By David Swanson
Liberal columnist Marie Cocco maintains her progressive positions right up to the point where she might diverge in the slightest from the Democratic leadership in Congress. Last spring she wasn’t so noticeable. Most progressive pundits back in March and May were playing right along with the pretense that the Democrats in Congress didn’t have the power to end the occupation of Iraq. This was and is simply not true.
Speaker Nancy Pelosi and Senate Majority Leader Harry Reid could announce that the House and Senate will no longer bring to a vote any bills to fund anything other than withdrawal. It would take 218 signatures on a discharge petition to force a bill to the floor of the House without Pelosi’s approval.
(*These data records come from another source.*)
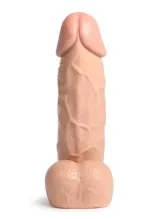 6 Inch Realistic Dildo – photo 2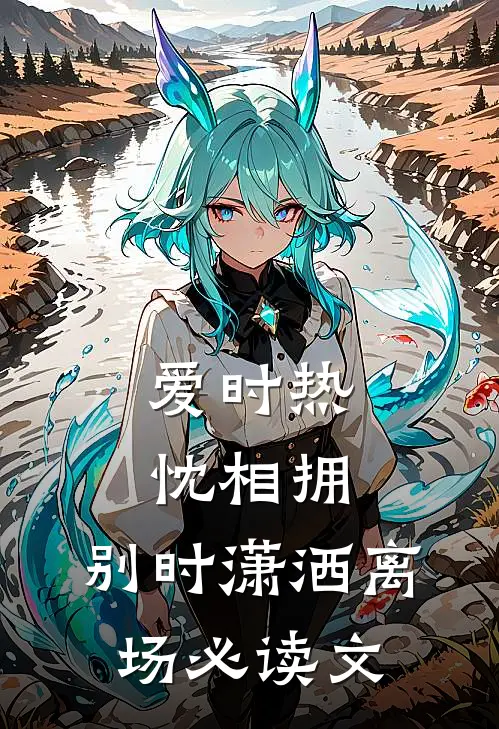 爱时热忱相拥，别时潇洒离场必读文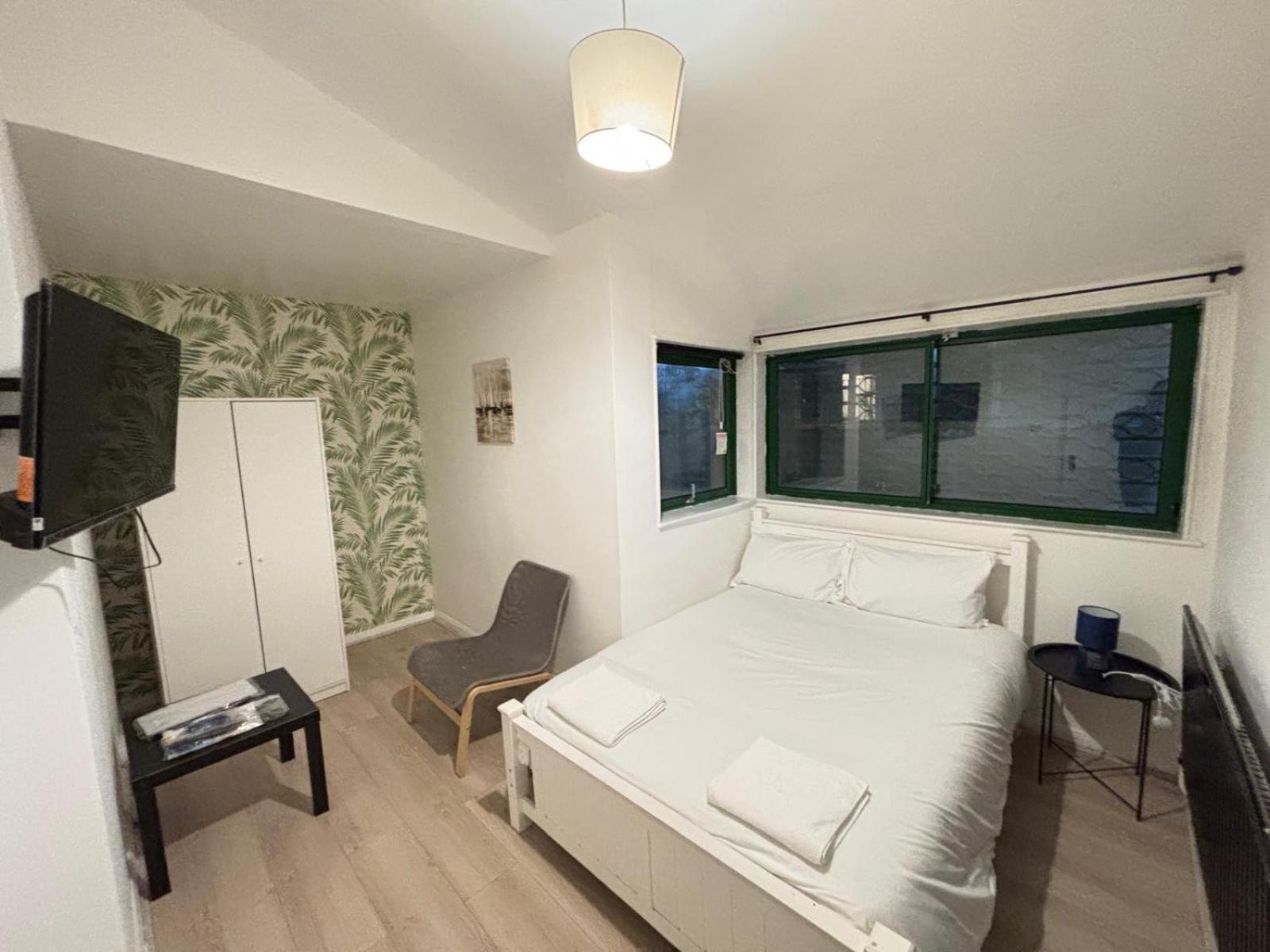 London E2 Rooms Exteriér fotografie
It is unlikely enough Democrats would oppose their party to fund Bush’s war in that way, especially if Pelosi lobbied them to end the occupation the way she’s whipped them into funding it. In the Senate, Reid alone could refuse to bring a bill to the floor, and 41 senators could filibuster any funding bill.
Increasingly, voices in the progressive media are acknowledging what Congressman Dennis Kucinich has been saying for the past year: the way to end the occupation is not by passing a bill but by refusing to pass a bill. Even progressive writers who appeared to mindlessly line up behind Pelosi last spring (such as David Sirota) have admirably denounced what she is doing now. But not Marie Cocco. She now stands out as the leading syndicated columnist still pushing Matt Stoller’s argument that the Republicans, although in the minority, control the Congress.
Stoller’s argument is that some of the Democrats agree more with Republican positions, whereas none of the Republicans agree with Democratic positions. But this ignores the significance of having the majority. It’s not just a question of numbers, but of holding the reins of leadership, chairing every committee, and determining what does or does not come up for a vote.
The argument that there exists a secret Republican majority is also framed by the idea that the Congress needs to pass bills, any bills, at all costs. But we’ve known since last November that there would be no point in passing bills, since any decent bills would be vetoed, and only horrendous ones would be signed into law. We’ve known since last November that Congress had two possible moves it could make and no others: announce the end of the occupation of Iraq, and impeach the criminal president and vice president.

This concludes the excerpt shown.